Search code examples
apachehadoophivehbasekylin

What are Apache Kylin Use Cases?


I recently came across Apache Kylin, and was curious what it's use cases are. From what I can tell, it seems to be a tool designed to solve very specific problems related to upwards of 10+ billion rows, aggregating, caching and querying data from other sources (HBase, Hadoop, Hive). Am I correct in this assumption?


Solution

  • Apache Kylin's use case is interactive big data analysis on Hadoop.
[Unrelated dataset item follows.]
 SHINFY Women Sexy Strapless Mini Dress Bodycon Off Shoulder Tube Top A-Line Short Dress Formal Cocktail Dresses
It lets you query big Hive tables at sub-second latency in 3 simple steps.

    1. Identify a set of Hive tables in star schema.
    2. Build a cube from the Hive tables in an offline batch process.
    3. Query the Hive tables using SQL and get results in sub-seconds, via Rest API, ODBC, or JDBC.
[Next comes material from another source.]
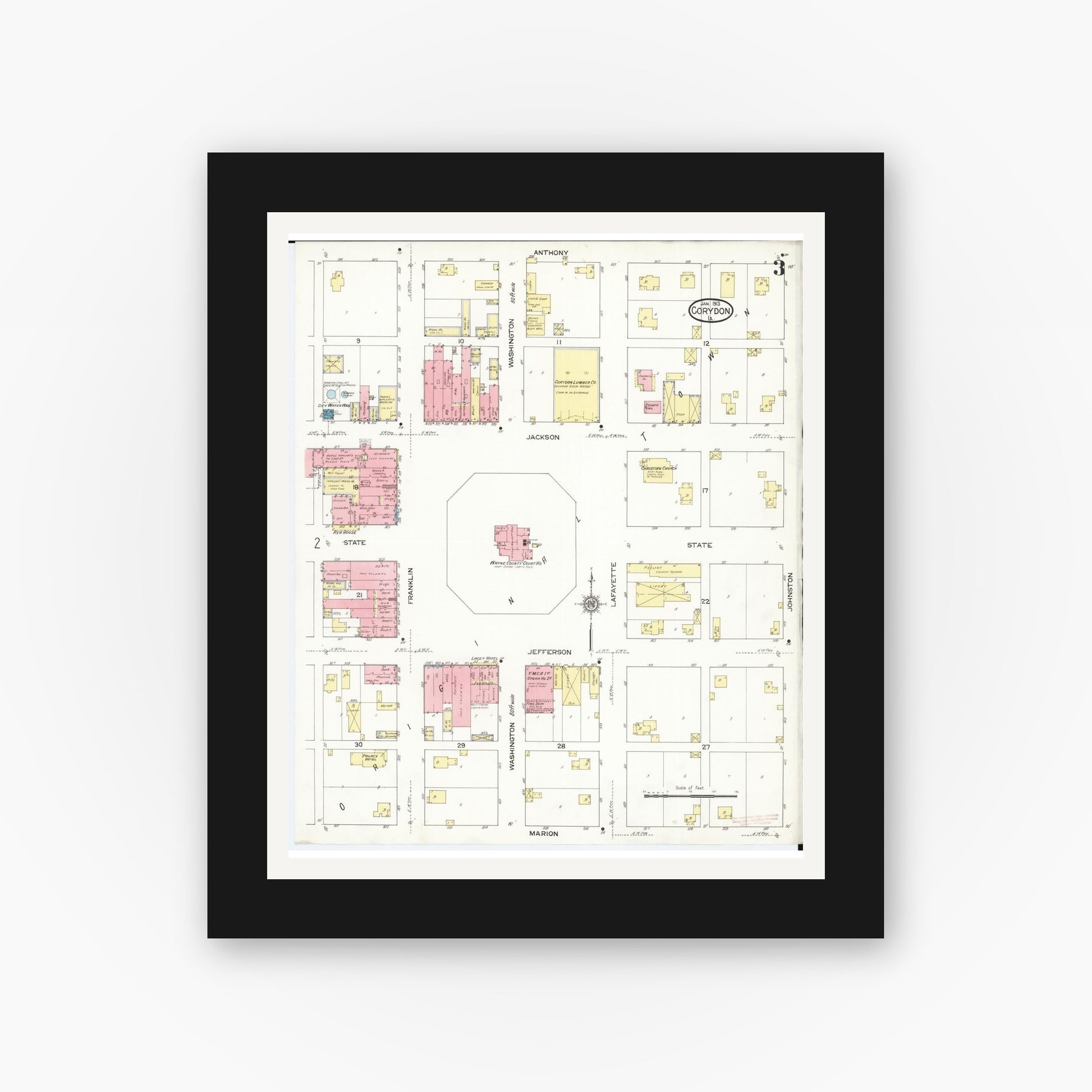 Old map wall art mockup — black gallery frame with white mat — Sanborn Fire Insurance Map from Corydon, Wayne County, Iowa (1913), Sheet #0003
    The use case is pretty general that it can fast query any Hive tables as long as you can define star schema and model cubes from the tables. Check out Kylin terminologies if you are not sure what is star schema and what is cube.

    Kylin provides ANSI SQL interface, so you can query the Hive tables pretty much the same way you used to. One limitation however is Kylin provides only aggregated results, or in other word, SQL should contain a "group by" clause to yield correct result. This is usually fine because big data analysis focus more on the aggregated results rather than individual records.